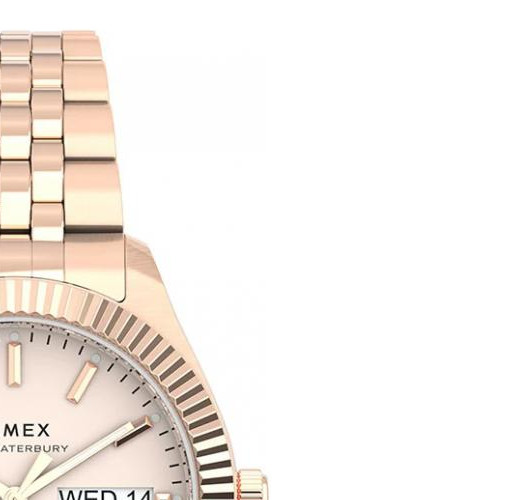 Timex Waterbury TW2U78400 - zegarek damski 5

* * *

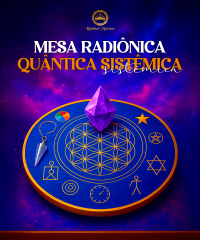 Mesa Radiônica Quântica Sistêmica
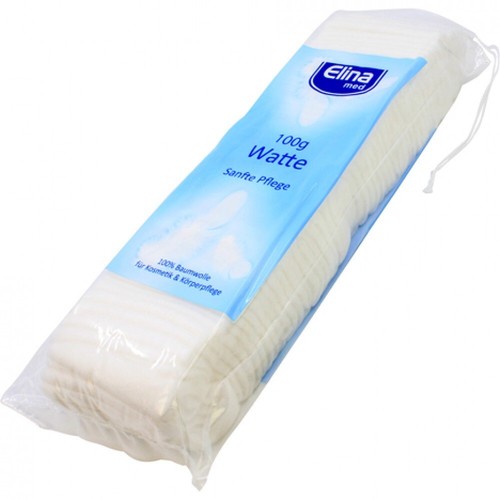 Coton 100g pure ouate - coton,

--

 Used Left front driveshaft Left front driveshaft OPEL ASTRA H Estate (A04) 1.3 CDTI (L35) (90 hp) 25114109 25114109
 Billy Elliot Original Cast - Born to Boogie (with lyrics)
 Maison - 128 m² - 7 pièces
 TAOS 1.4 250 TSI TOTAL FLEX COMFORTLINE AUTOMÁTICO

Work instructions.
Among the entries above, locate the line with "Mesa Radiônica Quântica Sistêmica" and the line with "Coton 100g pure". Give those two lines and all lines between them again, exactly, leaving out the pictures.

Finished exercise.
 Mesa Radiônica Quântica Sistêmica
 Coton 100g pure ouate - coton,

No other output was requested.